Only one stretch of the records below is wanted: the lines from the one holding "Girl kisses boy" through the one holding "The edge of the pool uses tile.". Return it exactly, both ends included.
┄┄┄┄┄┄
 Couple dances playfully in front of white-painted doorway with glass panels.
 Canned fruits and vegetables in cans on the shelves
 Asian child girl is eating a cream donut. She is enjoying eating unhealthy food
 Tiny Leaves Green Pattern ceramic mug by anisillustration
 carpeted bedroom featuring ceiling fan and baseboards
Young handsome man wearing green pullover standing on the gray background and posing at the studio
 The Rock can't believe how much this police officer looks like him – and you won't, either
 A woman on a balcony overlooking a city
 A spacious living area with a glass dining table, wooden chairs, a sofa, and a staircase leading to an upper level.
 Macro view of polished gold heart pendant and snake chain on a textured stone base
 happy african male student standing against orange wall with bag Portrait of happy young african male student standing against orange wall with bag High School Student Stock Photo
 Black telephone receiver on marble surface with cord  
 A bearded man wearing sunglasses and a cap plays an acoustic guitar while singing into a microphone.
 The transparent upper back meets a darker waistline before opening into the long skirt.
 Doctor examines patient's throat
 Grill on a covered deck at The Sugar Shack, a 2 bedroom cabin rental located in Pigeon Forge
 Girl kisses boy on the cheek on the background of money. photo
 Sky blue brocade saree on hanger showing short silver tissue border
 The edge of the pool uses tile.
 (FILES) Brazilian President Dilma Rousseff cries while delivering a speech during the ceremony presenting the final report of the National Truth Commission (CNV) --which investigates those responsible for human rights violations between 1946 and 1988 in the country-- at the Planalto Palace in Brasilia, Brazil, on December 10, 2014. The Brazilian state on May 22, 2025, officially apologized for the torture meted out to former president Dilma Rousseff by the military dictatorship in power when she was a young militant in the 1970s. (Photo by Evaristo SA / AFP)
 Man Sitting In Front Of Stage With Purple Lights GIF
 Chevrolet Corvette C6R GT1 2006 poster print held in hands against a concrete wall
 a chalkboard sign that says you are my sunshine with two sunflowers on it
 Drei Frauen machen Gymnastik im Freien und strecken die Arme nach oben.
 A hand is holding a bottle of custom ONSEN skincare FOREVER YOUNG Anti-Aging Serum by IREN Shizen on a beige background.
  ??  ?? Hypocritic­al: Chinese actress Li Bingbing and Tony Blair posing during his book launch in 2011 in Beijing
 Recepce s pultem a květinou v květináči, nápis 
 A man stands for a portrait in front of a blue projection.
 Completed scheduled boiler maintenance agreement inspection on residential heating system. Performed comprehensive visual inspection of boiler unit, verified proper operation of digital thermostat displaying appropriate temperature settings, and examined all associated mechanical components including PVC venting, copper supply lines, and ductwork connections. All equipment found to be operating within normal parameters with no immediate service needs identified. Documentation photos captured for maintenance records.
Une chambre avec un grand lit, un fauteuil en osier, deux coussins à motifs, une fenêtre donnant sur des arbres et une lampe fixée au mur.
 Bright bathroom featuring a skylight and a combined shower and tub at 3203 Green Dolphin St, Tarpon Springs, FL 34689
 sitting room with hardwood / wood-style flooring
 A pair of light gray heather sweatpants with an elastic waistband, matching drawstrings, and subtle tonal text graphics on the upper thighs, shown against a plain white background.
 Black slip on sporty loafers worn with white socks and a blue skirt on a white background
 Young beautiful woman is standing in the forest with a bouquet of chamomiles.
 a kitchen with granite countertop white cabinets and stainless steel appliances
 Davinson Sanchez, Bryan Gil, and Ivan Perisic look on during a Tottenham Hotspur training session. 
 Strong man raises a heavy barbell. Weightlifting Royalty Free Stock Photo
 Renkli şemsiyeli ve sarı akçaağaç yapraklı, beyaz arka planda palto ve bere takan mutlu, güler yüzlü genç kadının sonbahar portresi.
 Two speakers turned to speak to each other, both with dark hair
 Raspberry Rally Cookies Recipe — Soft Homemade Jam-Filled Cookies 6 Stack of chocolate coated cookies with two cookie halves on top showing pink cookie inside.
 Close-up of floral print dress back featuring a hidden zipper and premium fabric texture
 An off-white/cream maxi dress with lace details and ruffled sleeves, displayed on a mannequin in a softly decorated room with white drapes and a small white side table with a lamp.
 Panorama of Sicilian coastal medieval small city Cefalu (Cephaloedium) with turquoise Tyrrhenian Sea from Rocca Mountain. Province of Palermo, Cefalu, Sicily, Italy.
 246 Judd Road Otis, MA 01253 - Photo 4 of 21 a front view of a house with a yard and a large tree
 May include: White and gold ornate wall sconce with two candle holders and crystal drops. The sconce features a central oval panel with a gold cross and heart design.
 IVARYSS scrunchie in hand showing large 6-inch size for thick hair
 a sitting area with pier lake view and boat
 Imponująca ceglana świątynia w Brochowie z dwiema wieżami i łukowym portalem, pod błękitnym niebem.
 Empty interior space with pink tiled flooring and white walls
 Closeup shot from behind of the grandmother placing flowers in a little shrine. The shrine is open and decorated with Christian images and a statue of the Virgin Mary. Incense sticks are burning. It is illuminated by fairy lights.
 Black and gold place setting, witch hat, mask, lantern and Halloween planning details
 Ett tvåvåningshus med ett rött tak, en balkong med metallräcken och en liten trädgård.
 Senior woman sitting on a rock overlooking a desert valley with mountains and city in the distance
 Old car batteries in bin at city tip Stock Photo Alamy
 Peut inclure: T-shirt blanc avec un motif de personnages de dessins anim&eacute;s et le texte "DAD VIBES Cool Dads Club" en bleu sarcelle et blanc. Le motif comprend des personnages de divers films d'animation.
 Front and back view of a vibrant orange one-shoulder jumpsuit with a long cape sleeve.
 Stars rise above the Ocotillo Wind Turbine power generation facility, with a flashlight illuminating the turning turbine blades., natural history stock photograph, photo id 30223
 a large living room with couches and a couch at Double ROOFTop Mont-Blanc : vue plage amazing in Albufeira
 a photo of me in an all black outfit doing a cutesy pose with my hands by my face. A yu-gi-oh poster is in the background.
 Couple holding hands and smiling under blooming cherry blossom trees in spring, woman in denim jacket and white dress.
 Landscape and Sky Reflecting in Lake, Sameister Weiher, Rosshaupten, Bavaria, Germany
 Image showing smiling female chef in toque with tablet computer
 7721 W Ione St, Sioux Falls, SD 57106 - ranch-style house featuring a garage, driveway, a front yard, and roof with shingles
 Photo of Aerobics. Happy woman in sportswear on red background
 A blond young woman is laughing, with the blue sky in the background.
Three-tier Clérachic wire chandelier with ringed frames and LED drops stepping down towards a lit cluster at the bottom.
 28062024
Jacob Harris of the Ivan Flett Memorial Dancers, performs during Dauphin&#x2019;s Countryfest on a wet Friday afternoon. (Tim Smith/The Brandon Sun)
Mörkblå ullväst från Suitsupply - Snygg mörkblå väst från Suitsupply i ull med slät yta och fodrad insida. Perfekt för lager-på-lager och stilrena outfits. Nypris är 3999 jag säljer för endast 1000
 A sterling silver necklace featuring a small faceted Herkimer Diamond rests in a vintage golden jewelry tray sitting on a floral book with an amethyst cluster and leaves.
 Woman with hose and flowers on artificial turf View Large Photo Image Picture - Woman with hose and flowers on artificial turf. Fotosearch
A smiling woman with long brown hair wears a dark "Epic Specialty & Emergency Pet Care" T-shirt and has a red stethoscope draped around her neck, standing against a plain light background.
┄┄┄┄┄┄
# [Exercise response]
 Girl kisses boy on the cheek on the background of money. photo
 Sky blue brocade saree on hanger showing short silver tissue border
 The edge of the pool uses tile.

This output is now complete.